For competitive (eSports) gaming, higher refresh rates at moderate resolutions are generally preferable over high resolutions at lower refresh rates. Curved ultra-wide monitors are great for immersive gaming experiences, but for eSports, it's more important that you can react quickly to your opponents. The higher refresh rate helps you respond faster and gives you smoother motion, making it easier to keep track of the action. (More technically, a higher refresh rate means there's less time between each frame displayed, so the action appears on the screen faster.)

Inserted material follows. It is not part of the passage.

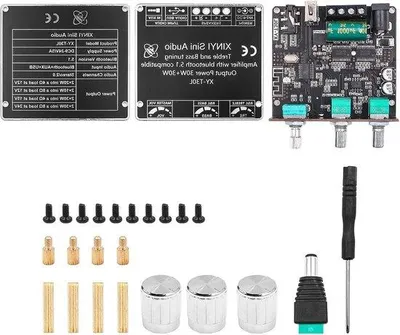 Image de Amplificateur stéréo Bluetooth 2.0, 30 W, double canal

Furthermore, the AW3418DW uses an IPS panel with slower response times than the TN-based AW2518H. Although TN displays suffer from narrower viewing angles and lower color accuracy especially when viewed off-axis, they have faster response times, which results in less ghosting and motion blur. That, too, will make it easier to follow fast action during intensive gaming. IPS panels are great for color-critical professional applications like photography, and while though there are gaming-oriented IPS displays (including the AW3418DW), they can't achieve the sorts of response times the best TN panels can deliver. (Trust me, I know this first-hand after upgrading from a cheap IPS display to a Dell S2417DG. The faster response time is something you notice right away, even if viewing angles do suffer a bit.)
If yoy're looking at the Alienware 25 monitor, make sure you're buying the G-SYNC version (AW2518H) and not the FreeSync version (AW2518HF). The former is more expensive but since you have a GeForce card and not a Radeon, you'll need the G-SYNC display for the best experience.
Ultimately, while your choice of monitor is a major factor in overall latency, it is not the only thing that matters. This answer has more information about how different sources of latency can add up. In short, latencies from your processor, graphics card, the monitor's internal processing ("monitor input lag"), display response time and refresh rate, and even your mouse, can all add up.